--- START ---

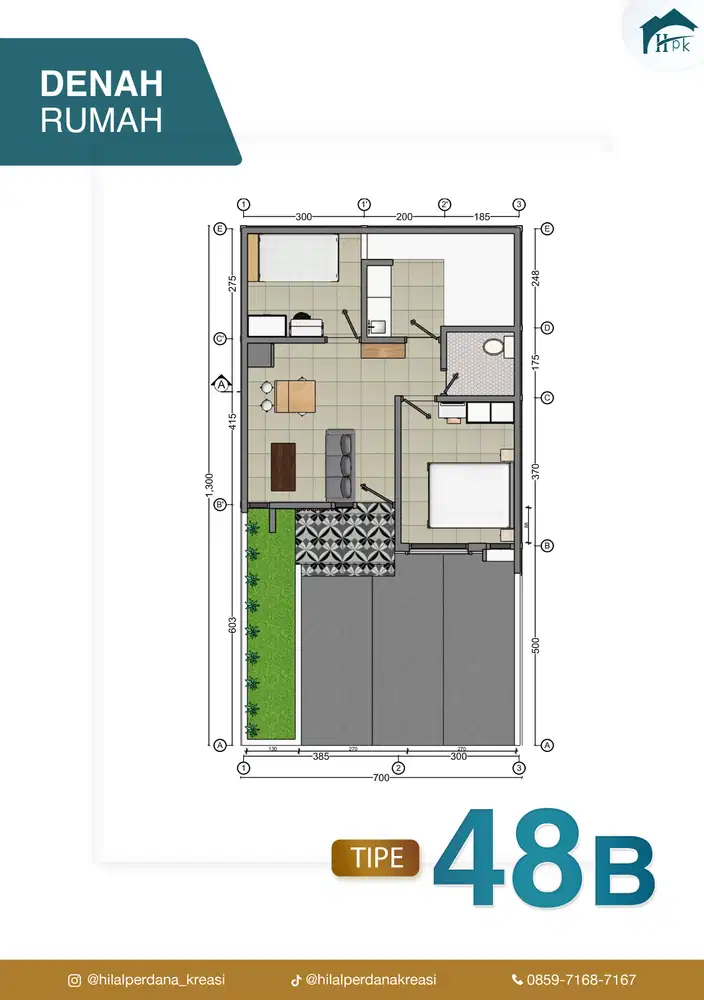 Rumah Siap Huni Viewnya  Pegunungan, Cuaca Sejuk Di Ciawi, Bogor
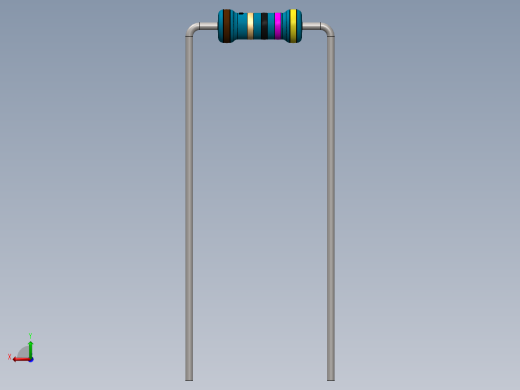 电容器 二极管 电阻器-Resistor 47 Ohm Blue后视缩略图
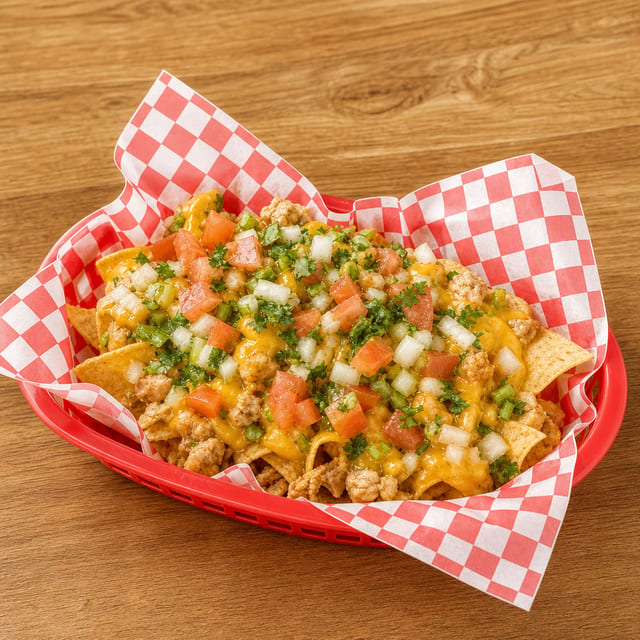 Nachos with Meat.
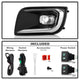 Clear OEM Style LED Fog Lights w/OEM Fit Switch <br>18-20 Toyota Sequoia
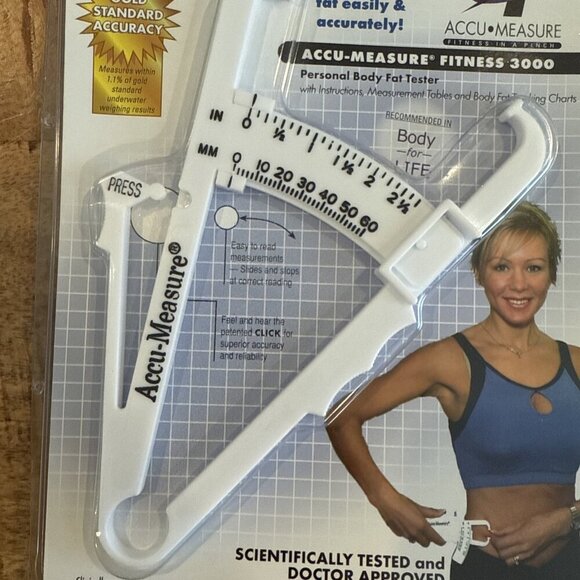 AccuMeasure Fitness 2000 Personal Body Fat Tester Caliper Gold Standard Accur - Picture 4 of 8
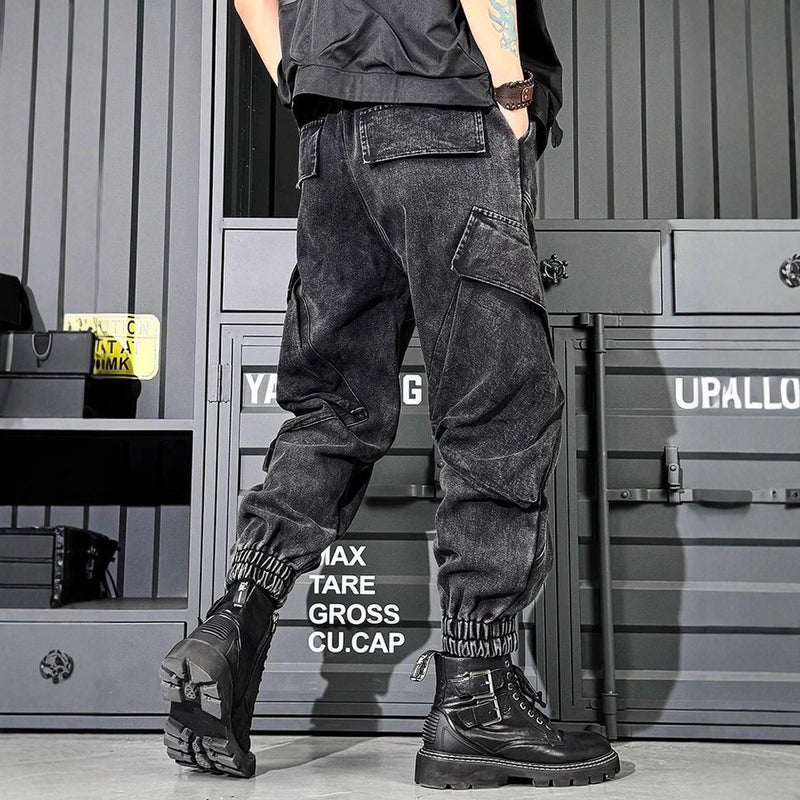Unisex Casual Daily Denim Jeans - Image 4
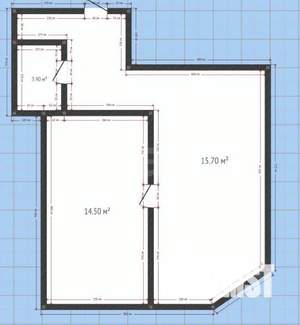 1-к квартира, вторичка, 42м2, 3/10 этаж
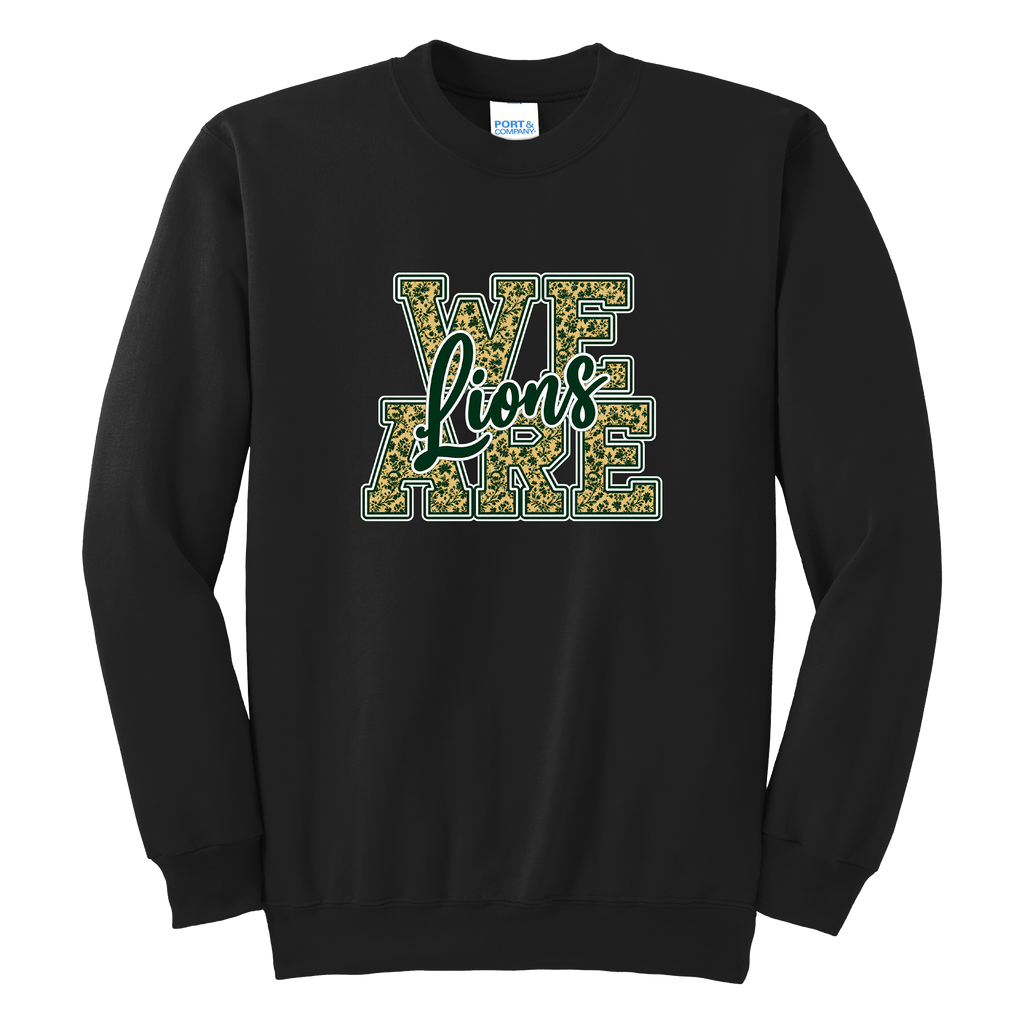 Adult Unisex Essential Fleece Crewneck Sweatshirt - Black - Ridge Elementary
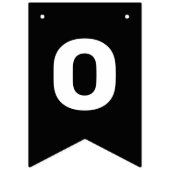 Bannière À Fanions Simple Félicitations Grad Grad Graduation Party No (Troisième drapeau)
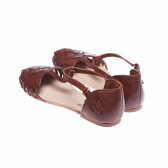 Sandale în maro cu franjuri, pentru fete Friboo 17812 2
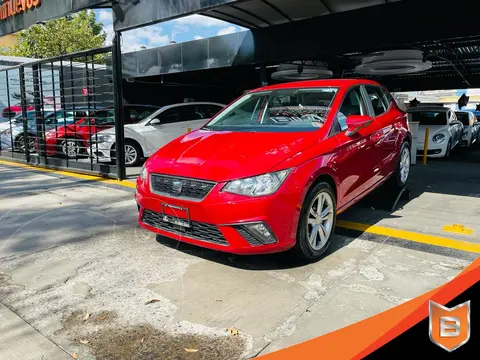 SEAT Ibiza Reference 1.6L usado (2019) color Rojo Emocion financiado en mensualidades(enganche $69,975 mensualidades desde $6,440)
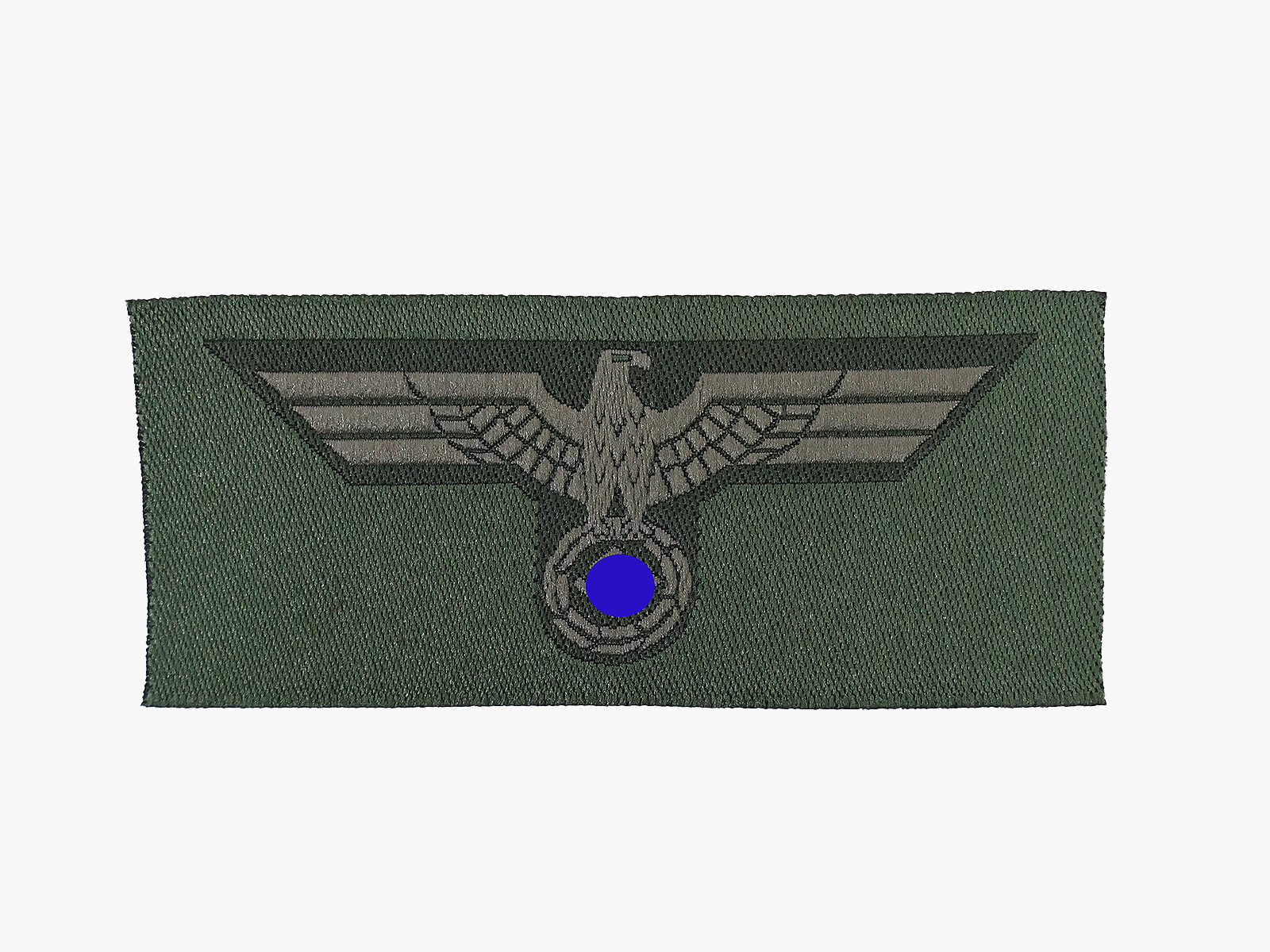 Wehrmacht M40 cap badge cap eagle badge shuttle woven shuttle eagle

--- END ---

Assigned task:
Transcribe each entry above without alteration, but keep the pictures out.

Answer space:
 Rumah Siap Huni Viewnya  Pegunungan, Cuaca Sejuk Di Ciawi, Bogor
 电容器 二极管 电阻器-Resistor 47 Ohm Blue后视缩略图
 Nachos with Meat.
 Clear OEM Style LED Fog Lights w/OEM Fit Switch <br>18-20 Toyota Sequoia
 AccuMeasure Fitness 2000 Personal Body Fat Tester Caliper Gold Standard Accur - Picture 4 of 8
Unisex Casual Daily Denim Jeans - Image 4
 1-к квартира, вторичка, 42м2, 3/10 этаж
 Adult Unisex Essential Fleece Crewneck Sweatshirt - Black - Ridge Elementary
 Bannière À Fanions Simple Félicitations Grad Grad Graduation Party No (Troisième drapeau)
 Sandale în maro cu franjuri, pentru fete Friboo 17812 2
 SEAT Ibiza Reference 1.6L usado (2019) color Rojo Emocion financiado en mensualidades(enganche $69,975 mensualidades desde $6,440)
 Wehrmacht M40 cap badge cap eagle badge shuttle woven shuttle eagle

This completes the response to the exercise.